[Task to carry out]
Your reply should contain nothing except the lines from the one with "Baby carriage pink" through the end of the listing below, reproduced exactly and stripped of pictures.

[[ Available data open ]]

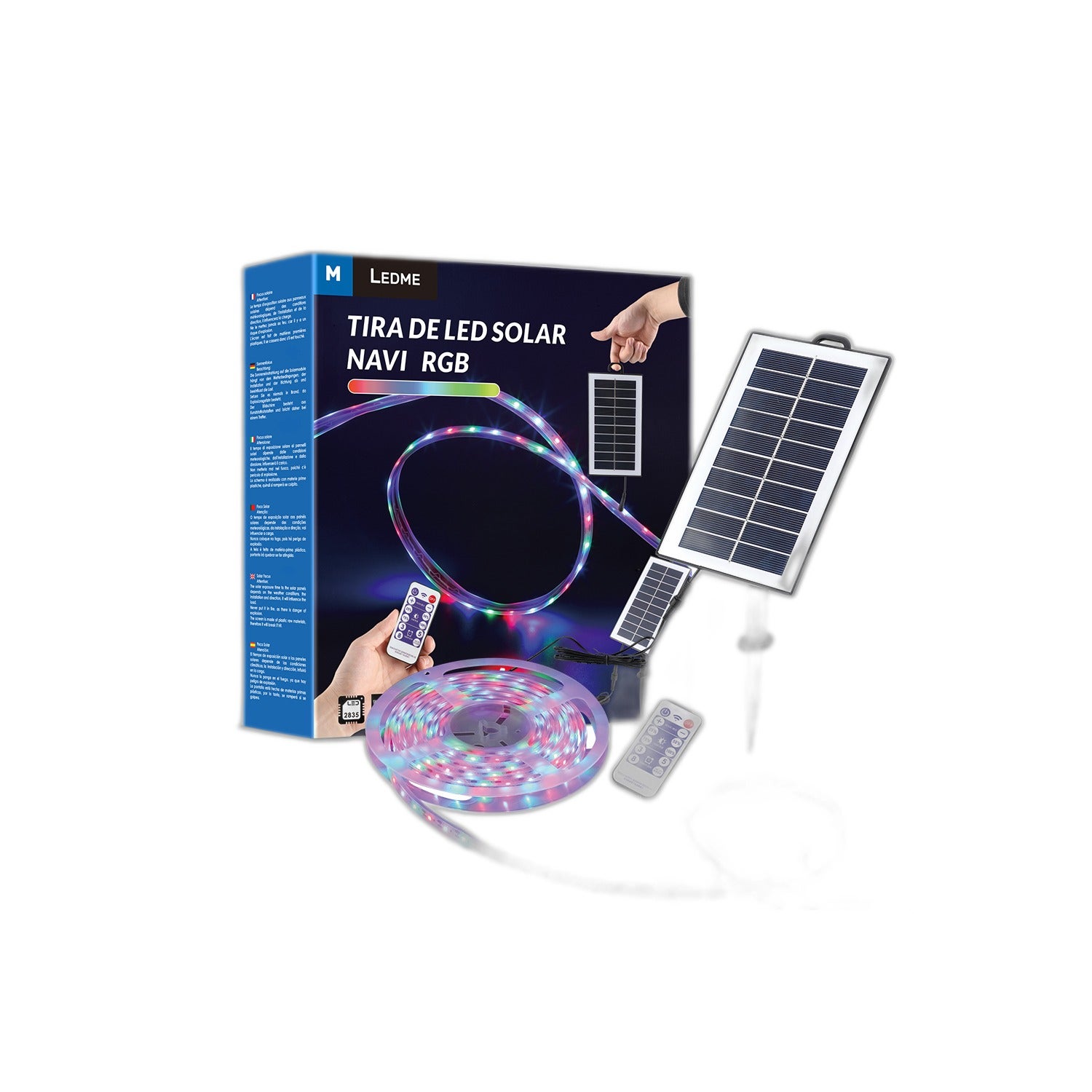 Iluminashop kit tira led solar 20w 3.7v 300led smd2835 ip68 rgb con mando pir (5 metros) blanco rgb
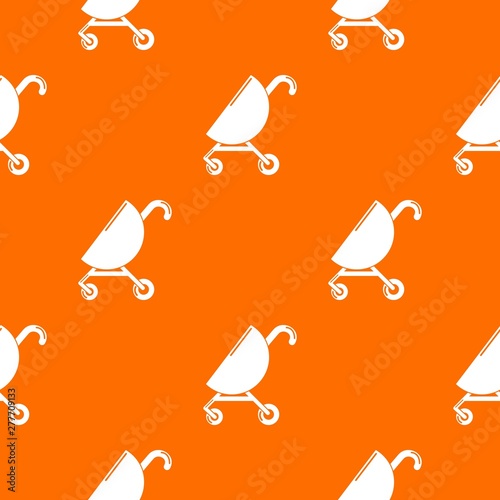 Baby carriage pink pattern vector orange for any web design best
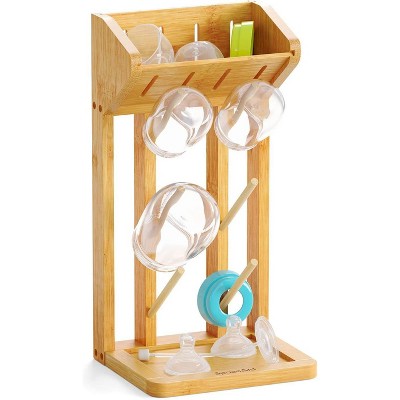 SpaceAid Bamboo Baby Bottle Drying Rack for Baby Bottle Rack Dryer Storage Accessories (Natural, 6 Bottles)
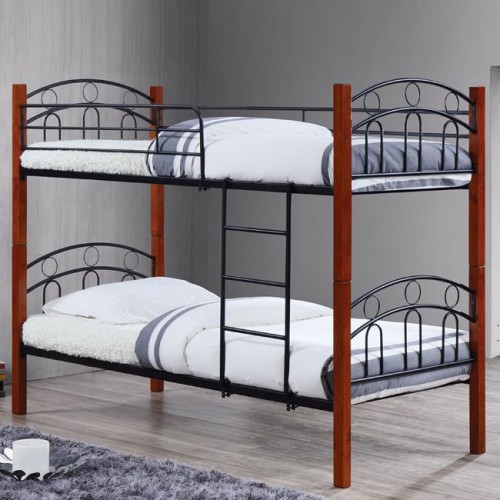 Κρεβάτι κουκέτα 90x190cm μεταλλικό μαύρο ξύλο καρυδί c10965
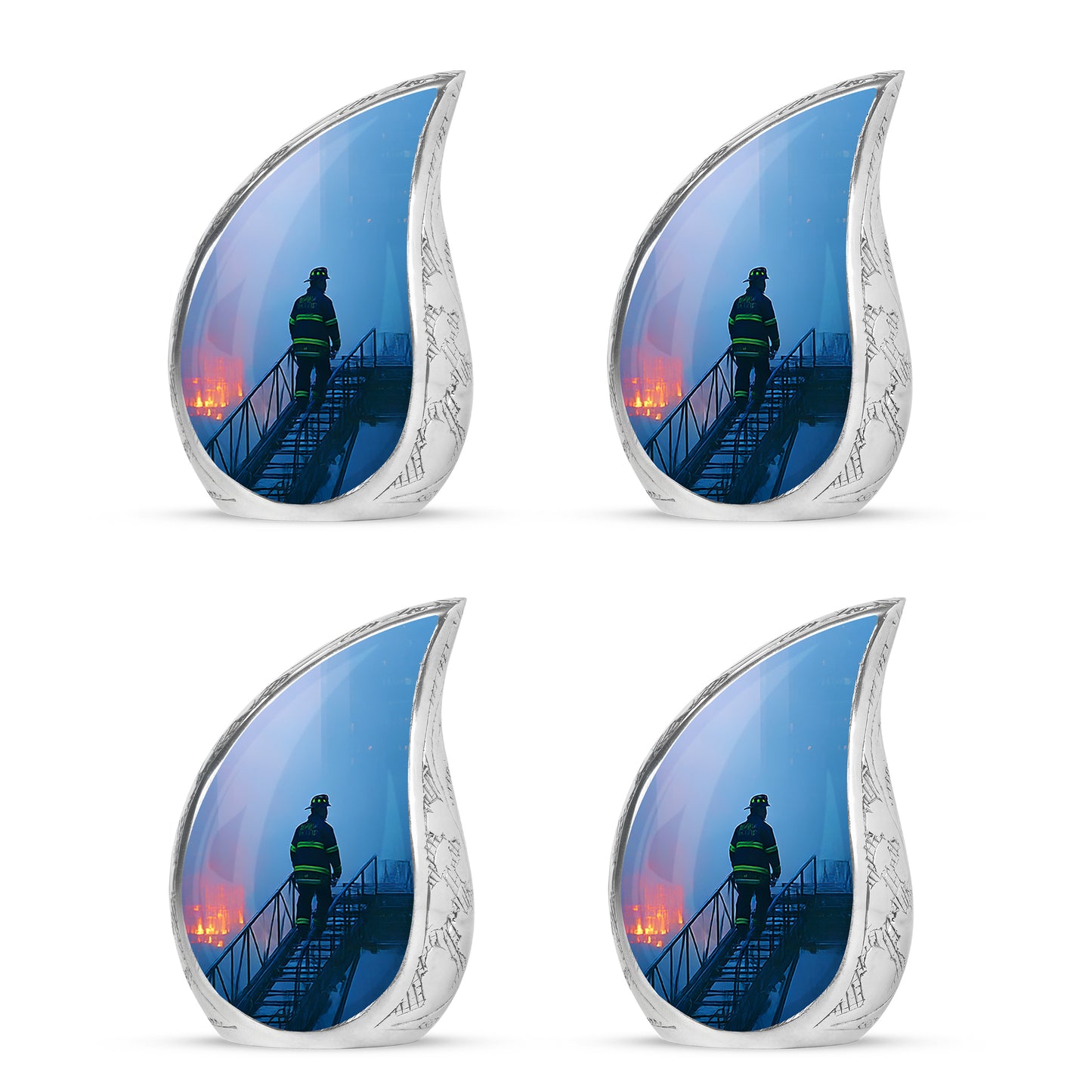 Serene Blue Firefighter Cremation Urn close-up of engraving and surface detail - smooth teardrop contour featuring firefighter art - 10 inch aluminum urn for cremated remains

[[ Available data closed ]]

[Response to the exercise]
 Baby carriage pink pattern vector orange for any web design best
 SpaceAid Bamboo Baby Bottle Drying Rack for Baby Bottle Rack Dryer Storage Accessories (Natural, 6 Bottles)
 Κρεβάτι κουκέτα 90x190cm μεταλλικό μαύρο ξύλο καρυδί c10965
 Serene Blue Firefighter Cremation Urn close-up of engraving and surface detail - smooth teardrop contour featuring firefighter art - 10 inch aluminum urn for cremated remains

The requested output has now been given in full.